→ Task instructions:
Below are entries; copy exactly the lines from the one with "BMW X5 45e M-Sport" through the one with "Sword Art Online", both included, and leave out the rest.

---------- Records shown ----------

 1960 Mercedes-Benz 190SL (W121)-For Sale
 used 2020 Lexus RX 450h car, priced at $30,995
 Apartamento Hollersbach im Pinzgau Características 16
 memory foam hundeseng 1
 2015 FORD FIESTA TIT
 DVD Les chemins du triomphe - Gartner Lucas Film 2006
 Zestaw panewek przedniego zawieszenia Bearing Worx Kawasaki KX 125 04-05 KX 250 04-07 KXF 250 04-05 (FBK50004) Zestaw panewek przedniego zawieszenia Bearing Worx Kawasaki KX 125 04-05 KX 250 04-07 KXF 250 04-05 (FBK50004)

----------
---------- Records shown ----------

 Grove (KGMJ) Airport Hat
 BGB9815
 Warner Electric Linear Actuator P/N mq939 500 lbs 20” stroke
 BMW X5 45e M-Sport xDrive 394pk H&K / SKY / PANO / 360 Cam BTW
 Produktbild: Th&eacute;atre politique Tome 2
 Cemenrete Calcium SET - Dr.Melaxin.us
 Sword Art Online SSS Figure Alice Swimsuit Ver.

----------

→ Task output:
 BMW X5 45e M-Sport xDrive 394pk H&K / SKY / PANO / 360 Cam BTW
 Produktbild: Th&eacute;atre politique Tome 2
 Cemenrete Calcium SET - Dr.Melaxin.us
 Sword Art Online SSS Figure Alice Swimsuit Ver.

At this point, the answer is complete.